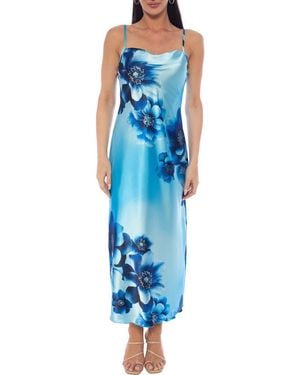 Bebe Cowl Neck Satin Slipdress - Blue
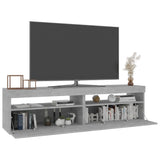 Meubles TV 2 pcs avec lumières LED Gris béton 75x35x40 cm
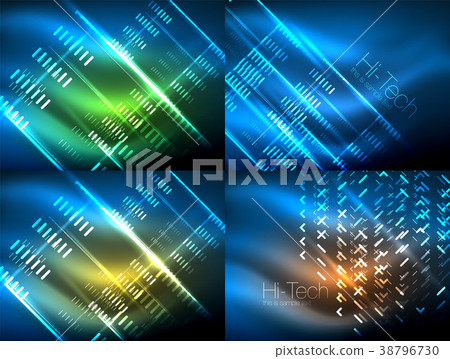 Set of glowing neon lines and shapes on dark Set of glowing neon lines and shapes on dark 38796730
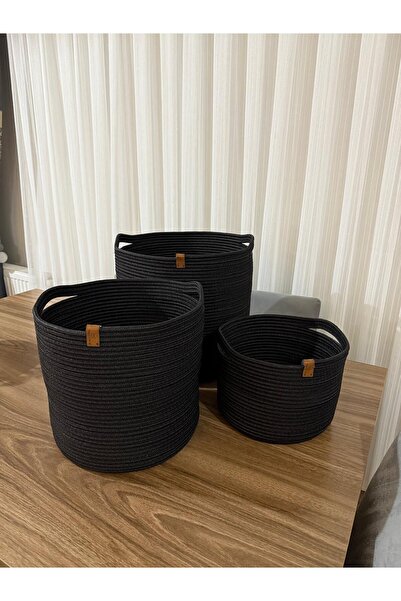 Thalia Home سلة سوداء متعددة الأغراض، أزرق بلون الكوبالت ılık، مجموعة منظمات مكونة من 36×36 30×30 24×20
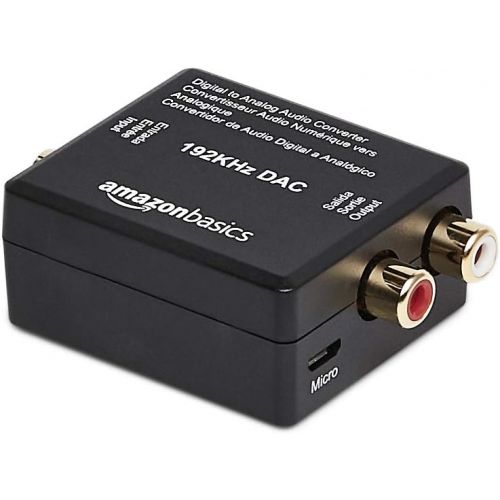  Amazon Basics 192KHz Digital Optical Coax to Analog RCA Audio Converter, ABS, Black, 2 x 1.6 x 1 inches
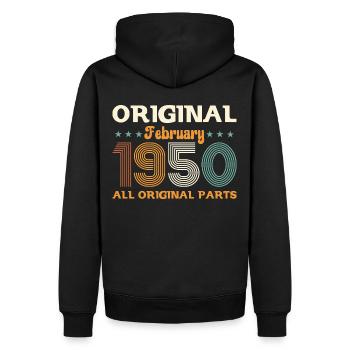 75ème anniversaire cadeau mari Original février 1950 - Sweat à capuche Premium bio Homme - noir - Dos - Nico (187cm)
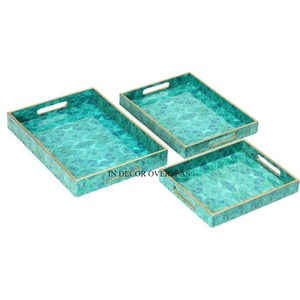 Juego de 3 bandejas de servicio de madera de calidad lujosa con acabado de esmalte de diseño único de aspecto atractivo de decoración en el extranjero - Product Image 5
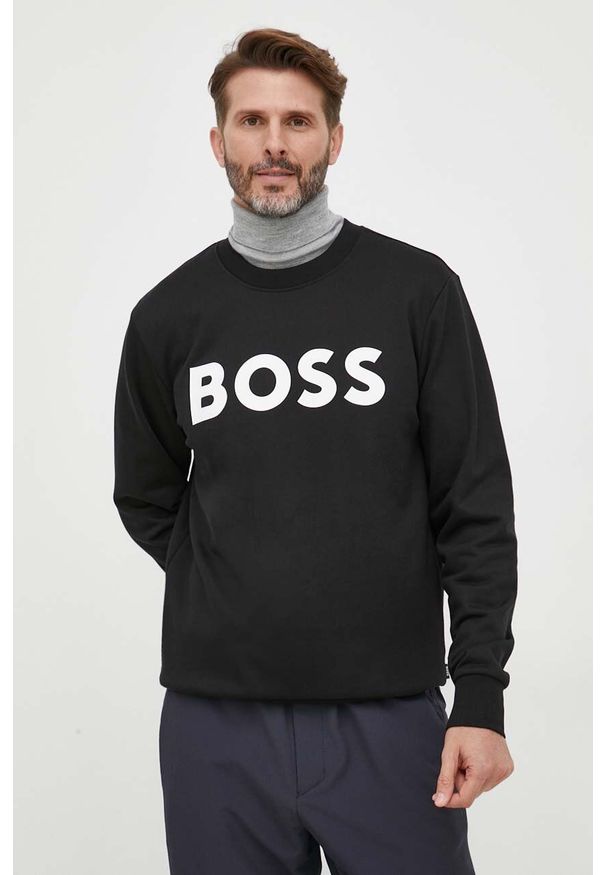 BOSS bluza bawełniana męska kolor czarny z nadrukiem. Kolor: czarny. Materiał: bawełna. Wzór: nadruk. Styl: klasyczny
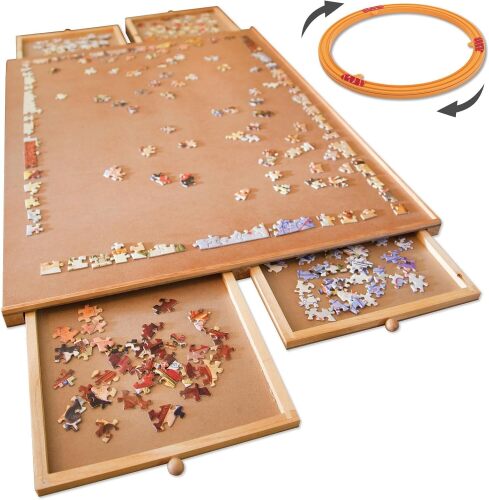 Bits and Pieces Rotating Puzzle Board with Drawers – 1500 Piece Jigsaw Puzzle Table Organizer - Lot 2676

****************************************

Your copy must start at the line that holds "75ème anniversaire cadeau" and end at the last line of the data, both included; it must contain no pictures.

 75ème anniversaire cadeau mari Original février 1950 - Sweat à capuche Premium bio Homme - noir - Dos - Nico (187cm)
 Juego de 3 bandejas de servicio de madera de calidad lujosa con acabado de esmalte de diseño único de aspecto atractivo de decoración en el extranjero - Product Image 5
 BOSS bluza bawełniana męska kolor czarny z nadrukiem. Kolor: czarny. Materiał: bawełna. Wzór: nadruk. Styl: klasyczny
 Bits and Pieces Rotating Puzzle Board with Drawers – 1500 Piece Jigsaw Puzzle Table Organizer - Lot 2676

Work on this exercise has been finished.